Brown is the new green, judging from the off-color needles on trees and shrubs all around the Twin Cities.
"My yard took a complete beating," said Rick McNabb of Mendota Heights, who lost several large spruce trees, plus a Japanese maple, part of a major landscaping project two years ago. He knew the maple was borderline for Minnesota, but the spruces were supposed to be hardy.
"One is completely dead, and the others are half-brown," he said. "I was pretty upset."
Even some well-established evergreens aren't living up to their name this growing season. Fred Shepherd of St. Louis Park is mourning a mop top conifer planted next to his deck. Usually, it's a "nice, bright Kelly green" that complements the darker foliage of the barberries on either side. But this year, most of the mop top's needles are dry, drab brown.
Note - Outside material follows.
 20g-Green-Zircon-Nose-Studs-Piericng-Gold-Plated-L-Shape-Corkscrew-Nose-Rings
"I babied it for nine years," he said, watering religiously and adding acidic plant fertilizer. "But I'm pretty sure it's not coming back." At least he's not alone. "Several people on our street lost 20-foot evergreens. They're all brown on one side, green on the other. It's the weirdest thing you've ever seen."
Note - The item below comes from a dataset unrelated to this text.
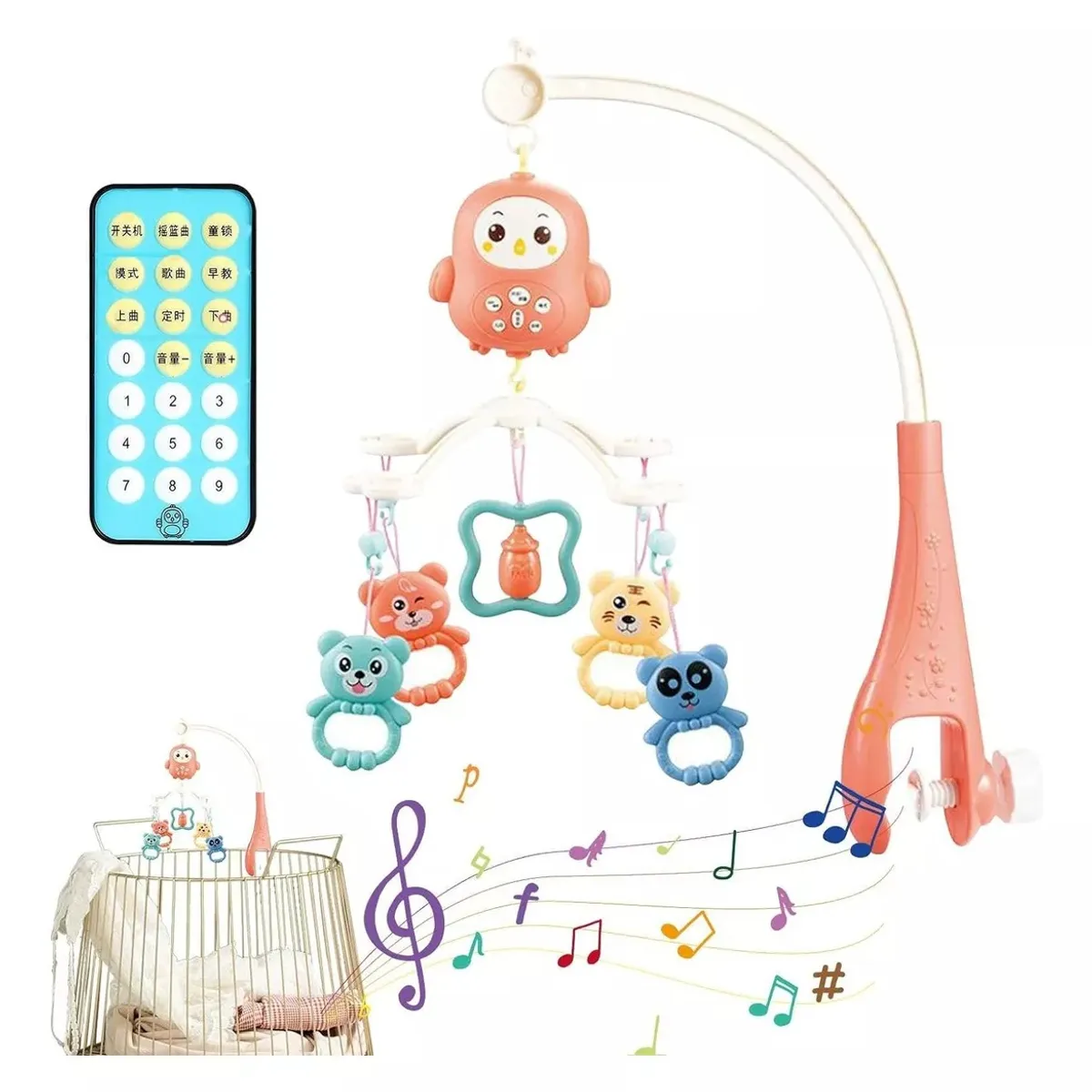 GENERICO - Móvil Giratorio Musical Para Cuna Control Remoto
Blame it on this year's wicked winter, which brought "polar vortex" into the lexicon and left a puzzling patchwork of brown and green trees in its wake.
"The winter was very cold and windy and very long," said Mark Stennes, an arborist and plant pathologist in St. Paul. "It was brutal — as bad a winter as I can remember, and I was born in Bemidji."
Bone-chilling temperatures, heavy snowfall and strong winds combined to take a toll on many plants, but evergreens in particular, resulting in a lot of dessication, or "winter burn." Many evergreens were already stressed heading into fall after two hot, dry summers, said Debbie Lonnee, a horticulturist with Bailey Nurseries. "The unfortunate fact is that this 'perfect storm' of conditions did kill some hardy plants."